• Task goal
The entries are to be printed again word for word, but no picture may appear.

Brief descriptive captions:
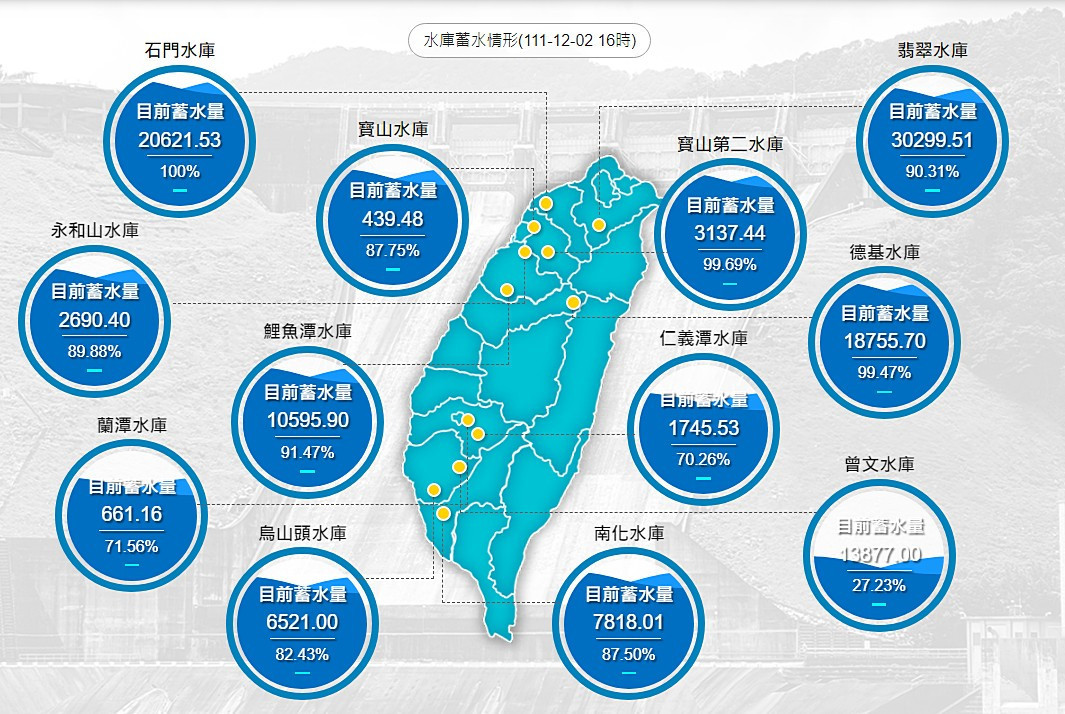 （圖／翻攝自經濟部水利署網站）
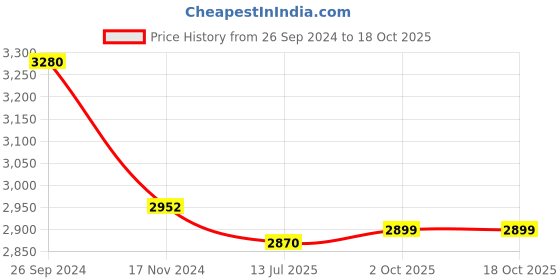 myntra.com GIORDANO Men Dial & Leather Straps Analogue Watch GD4101-04 giordano Price History Graph from 26 Sep 2024 to 18 Oct 2025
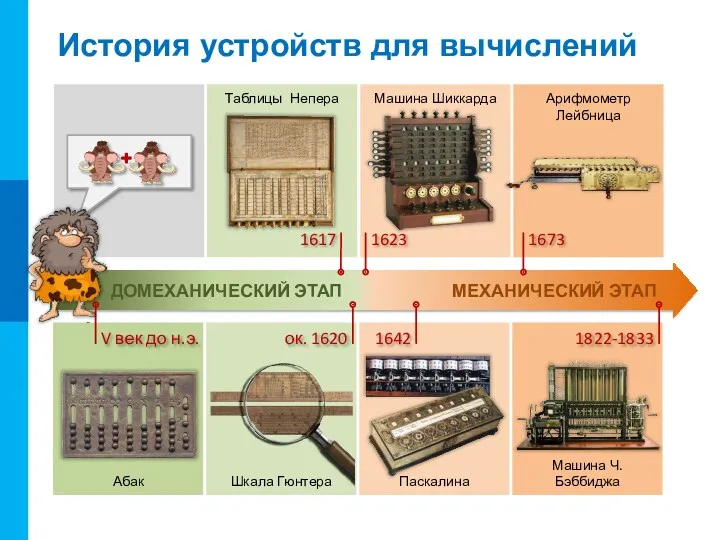 История устройств для вычислений ДОМЕХАНИЧЕСКИЙ ЭТАП МЕХАНИЧЕСКИЙ ЭТАП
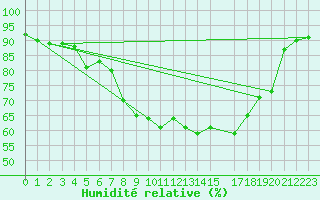 Courbe de l'humidit relative pour Luedge-Paenbruch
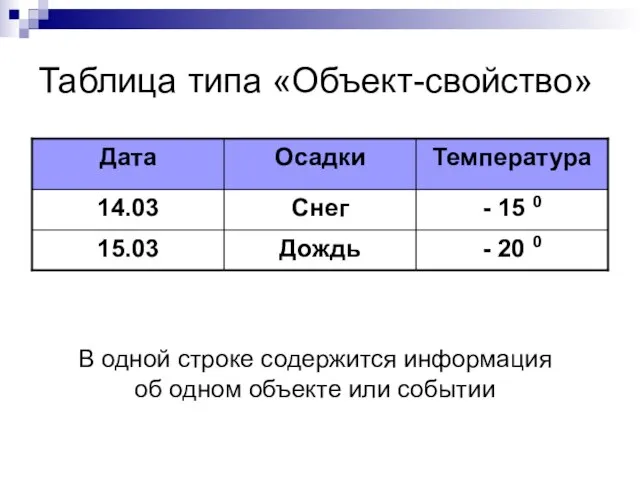 Таблица типа «Объект-свойство» В одной строке содержится информация об одном объекте или событии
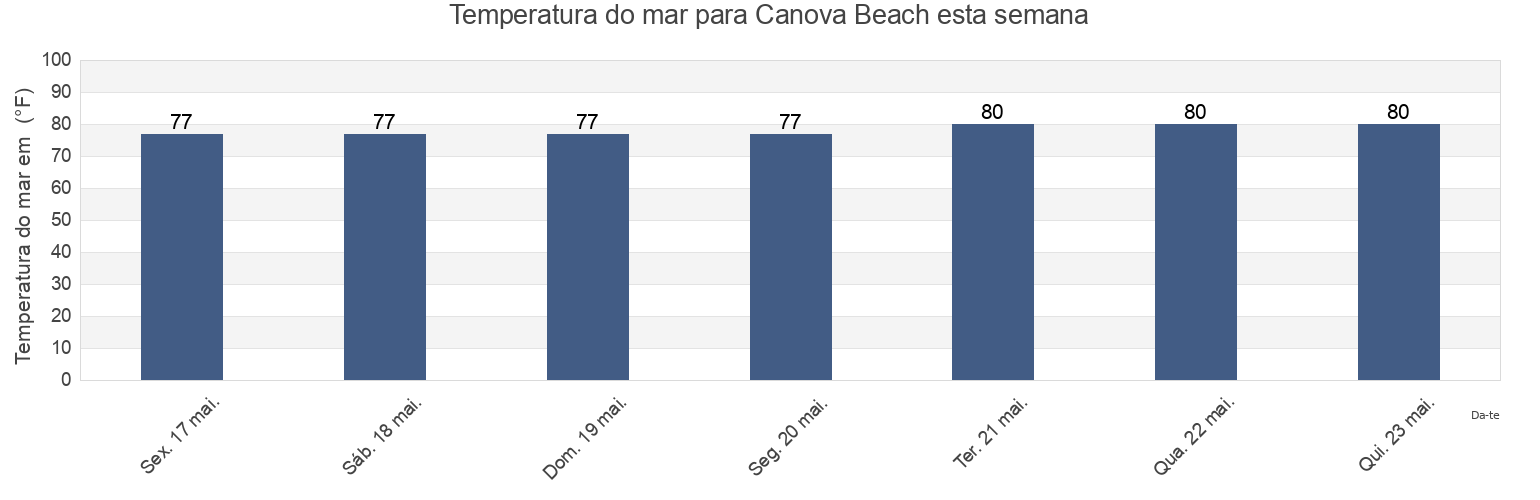 Temperatura do mar em Canova Beach, Brevard County, Florida, United States esta semana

• Expected output
 （圖／翻攝自經濟部水利署網站）
 myntra.com GIORDANO Men Dial & Leather Straps Analogue Watch GD4101-04 giordano Price History Graph from 26 Sep 2024 to 18 Oct 2025
 История устройств для вычислений ДОМЕХАНИЧЕСКИЙ ЭТАП МЕХАНИЧЕСКИЙ ЭТАП
 Courbe de l'humidit relative pour Luedge-Paenbruch
 Таблица типа «Объект-свойство» В одной строке содержится информация об одном объекте или событии
 Temperatura do mar em Canova Beach, Brevard County, Florida, United States esta semana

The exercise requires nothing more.